RECORD EXTRACTS:
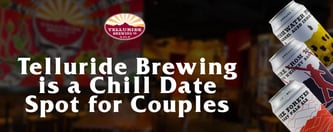 Telluride Brewing is a Chill Date Spot for Couples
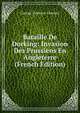 Bataille De Dorking: Invasion Des Prussiens En Angleterre (French Edition), George Tomkyns Chesney 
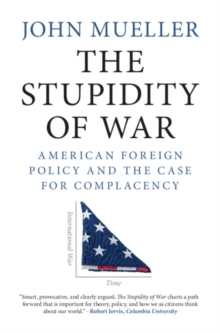 The Stupidity of War : American Foreign Policy and the Case for Complacency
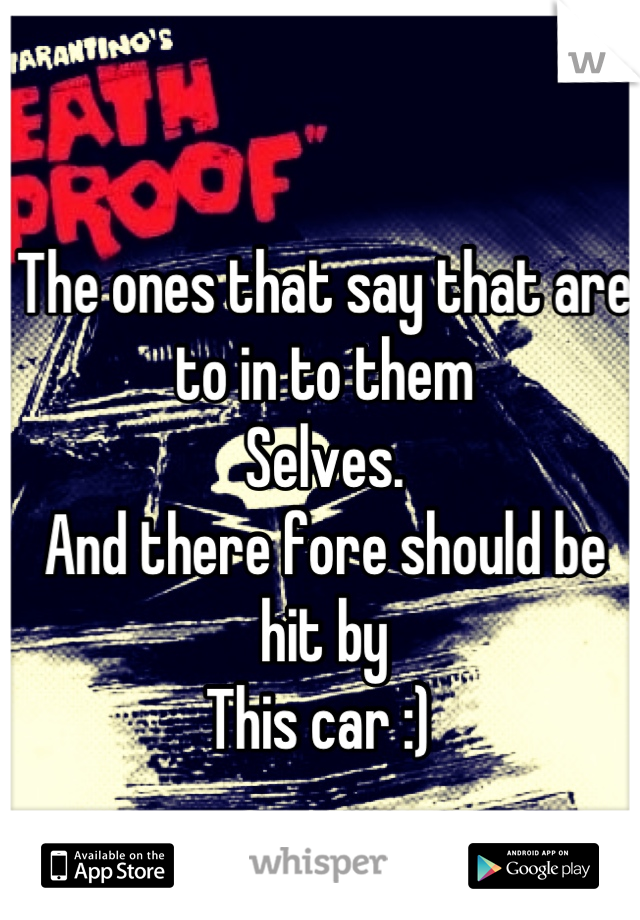 The ones that say that are to in to them
Selves. 
And there fore should be hit by 
This car :) 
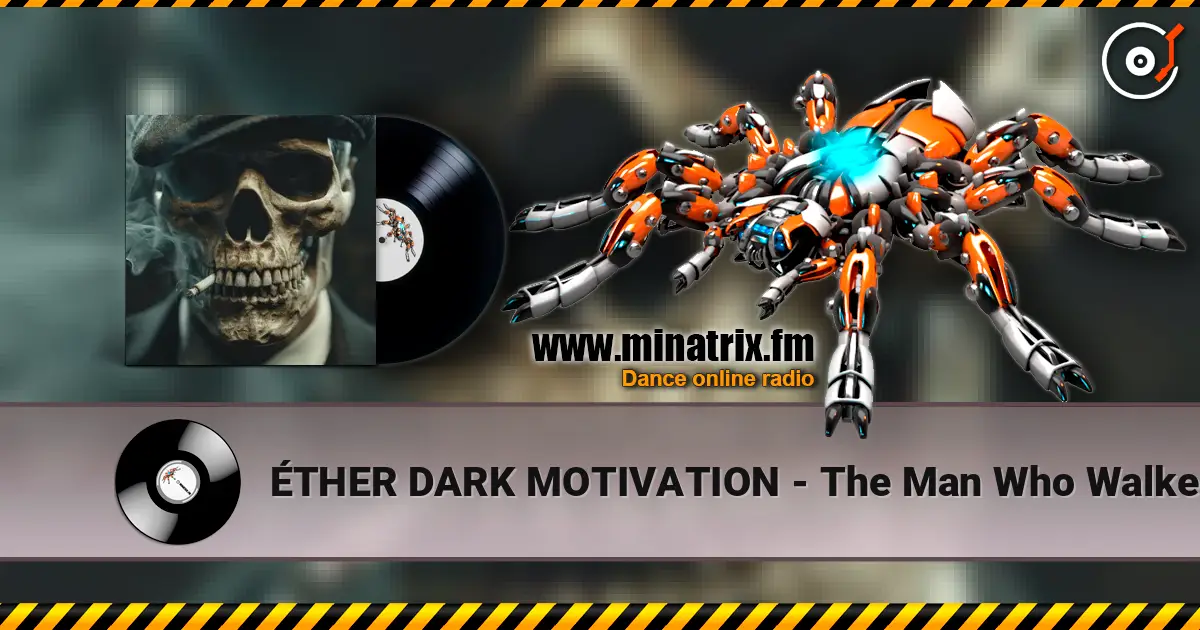 ÉTHER DARK MOTIVATION - The Man Who Walked With Shadows escuchar online en alta calidad | Minatrix.FM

AIM OF THE TASK: Only the lines from the one with "The ones that say that are to in to them" through the last line above belong in the answer. Reproduce them exactly, without the pictures.

EXPECTED OUTPUT:
 The ones that say that are to in to them
Selves. 
And there fore should be hit by 
This car :) 
 ÉTHER DARK MOTIVATION - The Man Who Walked With Shadows escuchar online en alta calidad | Minatrix.FM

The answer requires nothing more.